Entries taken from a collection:

..........

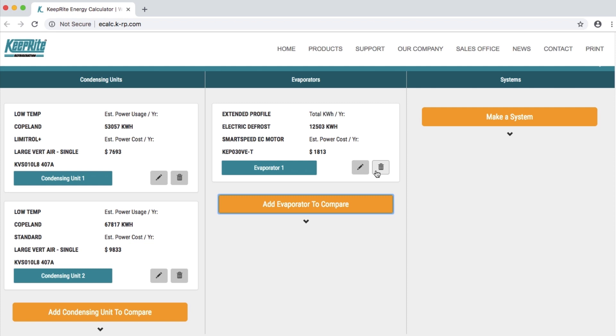Stay tuned for our next video where I show you how to make and compare systems using the condensing units and evaporator that we have already selected.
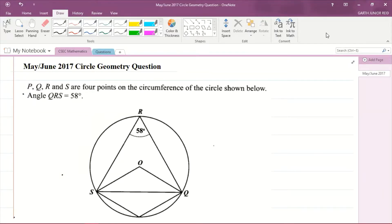It's Mr. Garfield here again, and today we'll be looking at another CSEP mathematics past paper question. This is taken from the May/June 2017 past paper. We're focusing on Section 8, which is geometry and trigonometry.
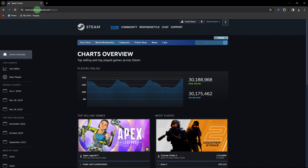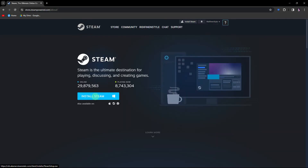Restart Steam and check if the issue is resolved. Now, visit the page link in the description below to check if there are any ongoing issues with Steam servers. If servers are down, you might need to wait until they are restored. Also, make sure you are using the latest version of the Steam client. Check for updates and install them if available.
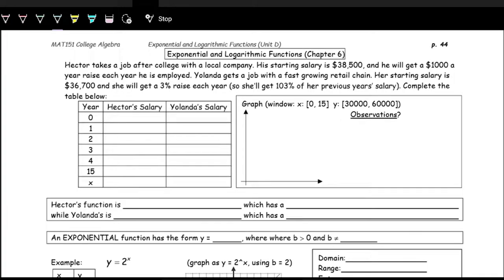We are now going to be taking a look at a couple of new functions called exponential and logarithmic functions. You may have heard these terms before in the real world and maybe in other math classes. Exponential and logarithmic functions are often a good way to model different situations in the real world.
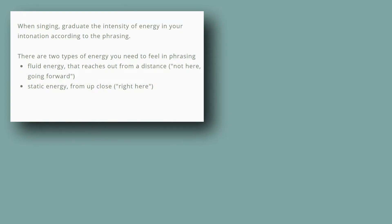When singing, graduate the intensity of energy in your intonation according to the phrasing.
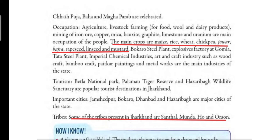With this we have finished lesson 6, which is the Southern Plateau. In the next class we will discuss the question answers and you all will read the lesson again. If you have any doubts, you can ask me on Campus Care. Thank you, children.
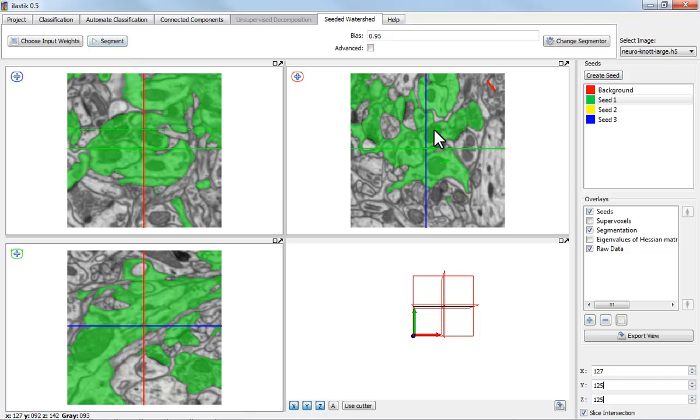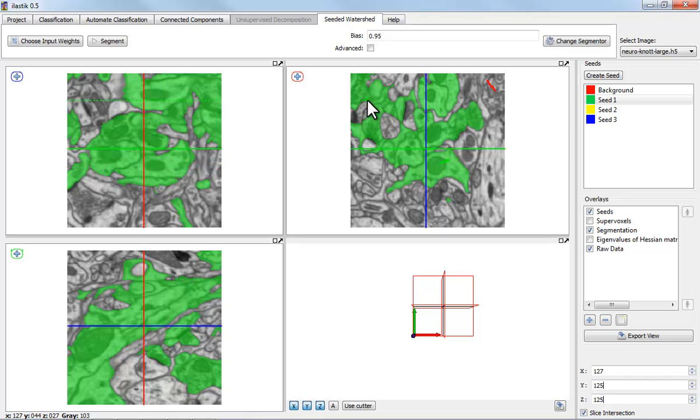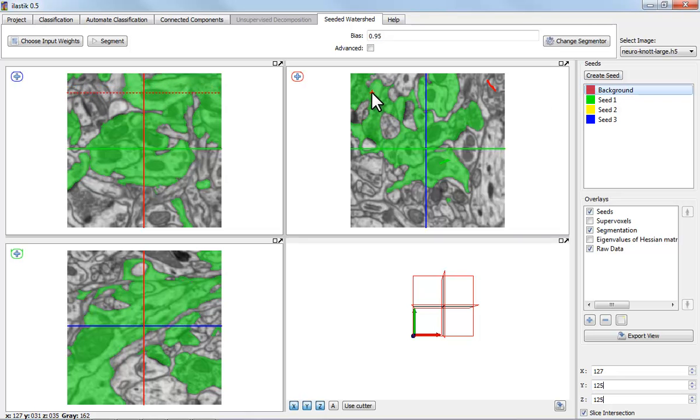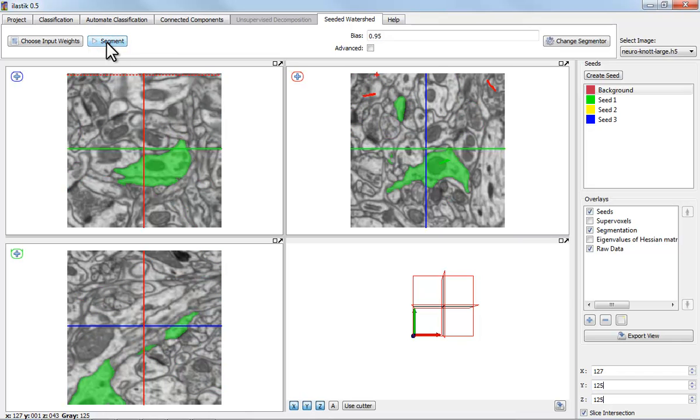Now you see that we've had quite a bit of bleeding here. So, one of the membranes was leaking and so this seed has been leaking out. I can try one of two things. I can either add more background seeds and see if this will solve the problem, which in this case it seems to, or I can play with this bias parameter.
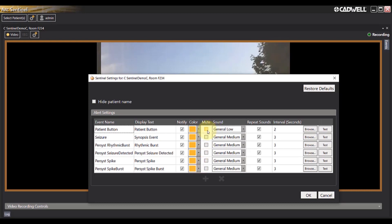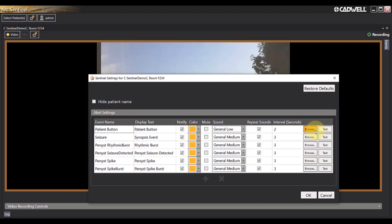You can also choose to mute sound and what the sound volume is in general for each notification type. You can choose an interval in seconds between notifications, and you can browse and test each sound notification for each event type.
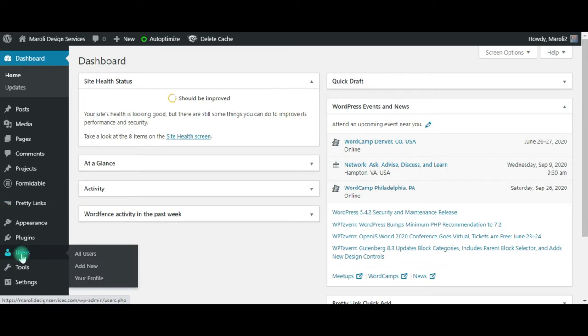Here on the left-hand side, you'll see Users. When you highlight it, it'll have a small pop-out menu here. Select Add New.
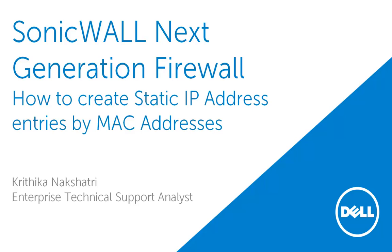Welcome to SonicWall Video Solutions. My name is Kritika Nakshatri. In this video, we demonstrate how to create static IP address entries by MAC addresses.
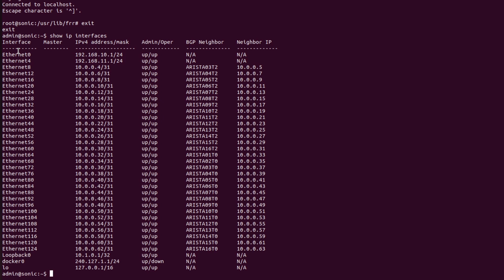The main interesting thing about SONiC regarding Layer 3 protocols is that the architecture of SONiC is designed in such a way that FRR is integrated in SONiC. For all L3 protocols we have to use FRR commands. First we have to go into the BGP container and then start a daemon process running in the background. I will now go into the BGP container using the command 'docker exec -it bgp bash'.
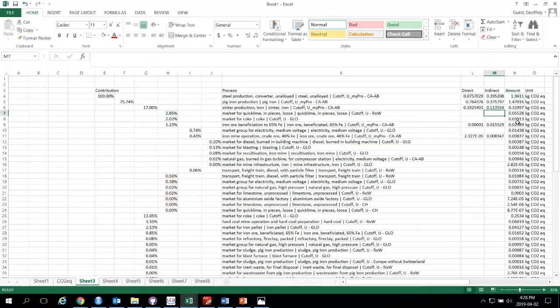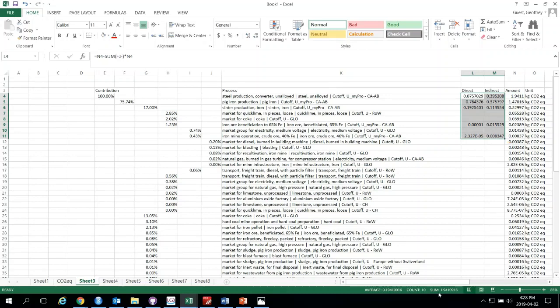With that breakdown complete, if we highlight and sum everything it should equal the total. The sum here is 1.941 — which rounds to the total — so yes, it does equal the total. That gives us 100% contribution across these processes.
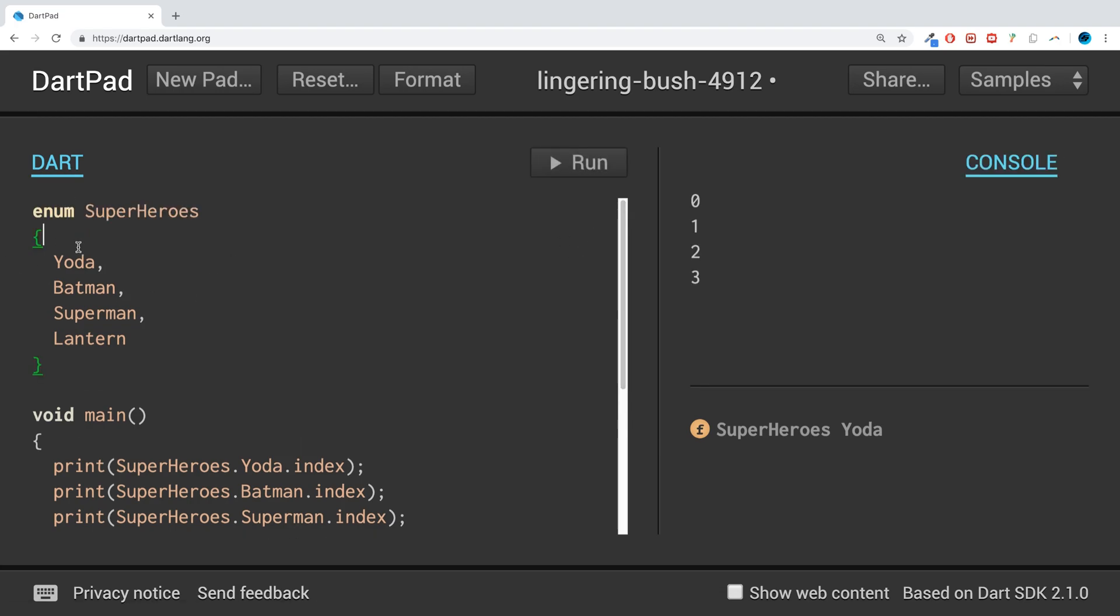seen a pattern here - these just increment by one. So we've figured that out, but what's the use case of this? For example, if you're creating an application where you can choose a character, maybe you're making some sort of epic superhero game that has Yoda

..........

Exercise —
Send back every record exactly as it stands, except the pictures.

Written answer —
Stay tuned for our next video where I show you how to make and compare systems using the condensing units and evaporator that we have already selected.
It's Mr. Garfield here again, and today we'll be looking at another CSEP mathematics past paper question. This is taken from the May/June 2017 past paper. We're focusing on Section 8, which is geometry and trigonometry.
Restart Steam and check if the issue is resolved. Now, visit the page link in the description below to check if there are any ongoing issues with Steam servers. If servers are down, you might need to wait until they are restored. Also, make sure you are using the latest version of the Steam client. Check for updates and install them if available.
We are now going to be taking a look at a couple of new functions called exponential and logarithmic functions. You may have heard these terms before in the real world and maybe in other math classes. Exponential and logarithmic functions are often a good way to model different situations in the real world.
When singing, graduate the intensity of energy in your intonation according to the phrasing.
With this we have finished lesson 6, which is the Southern Plateau. In the next class we will discuss the question answers and you all will read the lesson again. If you have any doubts, you can ask me on Campus Care. Thank you, children.
Now you see that we've had quite a bit of bleeding here. So, one of the membranes was leaking and so this seed has been leaking out. I can try one of two things. I can either add more background seeds and see if this will solve the problem, which in this case it seems to, or I can play with this bias parameter.
You can also choose to mute sound and what the sound volume is in general for each notification type. You can choose an interval in seconds between notifications, and you can browse and test each sound notification for each event type.
Here on the left-hand side, you'll see Users. When you highlight it, it'll have a small pop-out menu here. Select Add New.
Welcome to SonicWall Video Solutions. My name is Kritika Nakshatri. In this video, we demonstrate how to create static IP address entries by MAC addresses.
The main interesting thing about SONiC regarding Layer 3 protocols is that the architecture of SONiC is designed in such a way that FRR is integrated in SONiC. For all L3 protocols we have to use FRR commands. First we have to go into the BGP container and then start a daemon process running in the background. I will now go into the BGP container using the command 'docker exec -it bgp bash'.
With that breakdown complete, if we highlight and sum everything it should equal the total. The sum here is 1.941 — which rounds to the total — so yes, it does equal the total. That gives us 100% contribution across these processes.
seen a pattern here - these just increment by one. So we've figured that out, but what's the use case of this? For example, if you're creating an application where you can choose a character, maybe you're making some sort of epic superhero game that has Yoda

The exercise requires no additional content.